Samuel Amédro
Alors Noël vient faire rupture. « Lorsque les temps furent accomplis, Dieu envoya son Fils… afin que nous recevions l’adoption » (Ga 4.4-5). Dieu dit stop et offre un arrêt libérateur, une brèche où peut renaître le souffle, la liberté intérieure et le sens du sacré.
Pas le sacré qui sépare le pur et l’impur, qui hiérarchise le sacré et le profane mais le sacré qui relie : le fini et l’infini, le temps et l’éternité, l’humain et le divin. À Noël, le sacré n’est pas ailleurs : il se risque au cœur du monde.
Notre époque ne croit plus en Dieu, mais ne supporte pas le vide. Alors elle sacralise la nature, le désir, le corps, le succès, le bien-être. Ce pseudo-sacré enfle au lieu d’élever, recentre sur le moi et il enferme. Quand chacun sacralise son désir, plus rien ne fait limite. Ce n’est pas le sacré biblique, qui ouvre à l’Autre et à la responsabilité.
Dans ce monde saturé de faux sacré, une femme chante « Mon âme exalte le Seigneur… ». Marie chante non pas pour s’évader, mais pour résister. Lucide devant l’ordre établi, la loi du plus fort, le danger de la résignation – son cœur lance un chant de liberté et d’émerveillement.

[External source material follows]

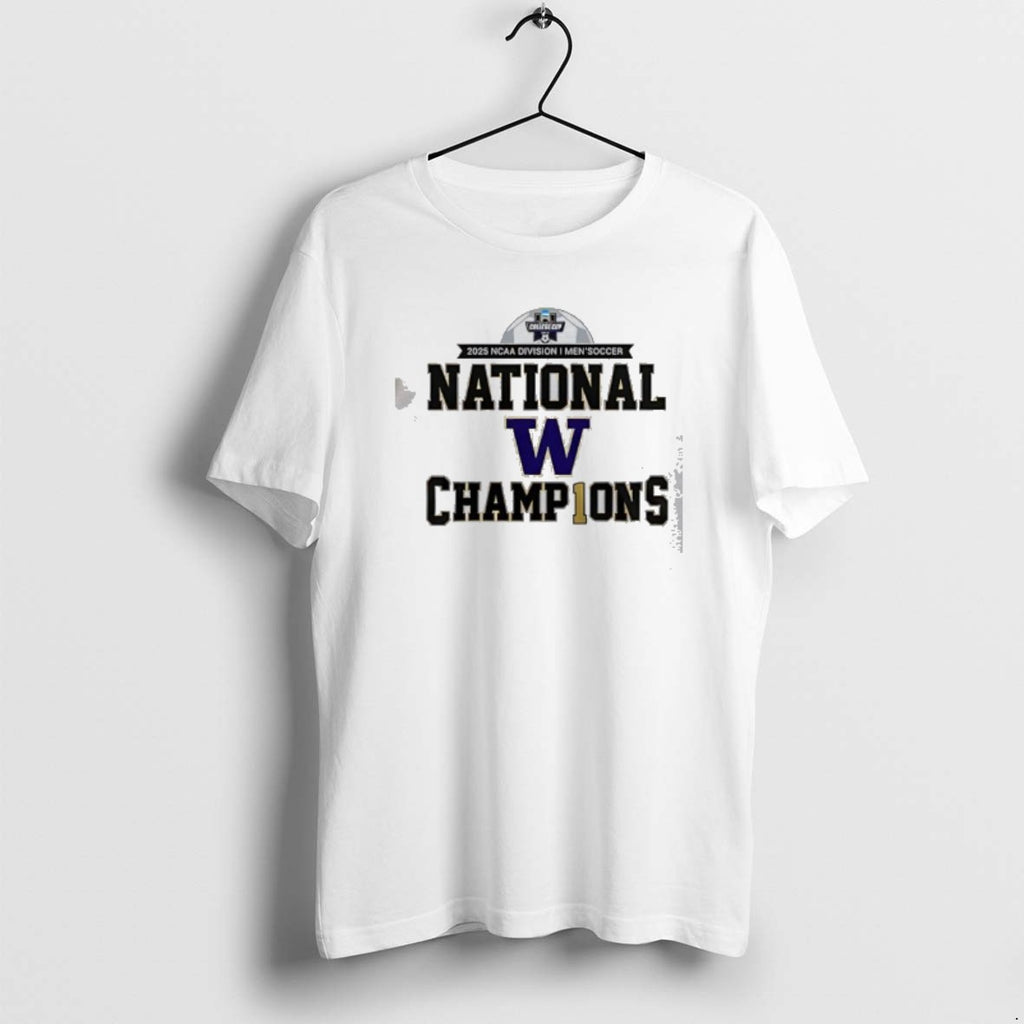 Official Ncaa Washington Huskies 2025 National Champions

Noël n’est pas une bluette pour les enfants mais une insurrection spirituelle. Dieu interrompt le désenchantement du monde et le sacré refait surface – non pour dominer, mais pour inspirer. Le vrai sacré relie et transfigure. Il permet d’adorer sans idolâtrer. Il rouvre l’espace du mystère et retrouve le silence et la présence. Puissions-nous consentir à ne pas tout comprendre pour chanter de nouveau. Noël arrête le vacarme et rend possible la louange. Quand renaît le sacré, renaît la joie : la liberté l’appelle, la joie devient chant qui rend au monde son âme.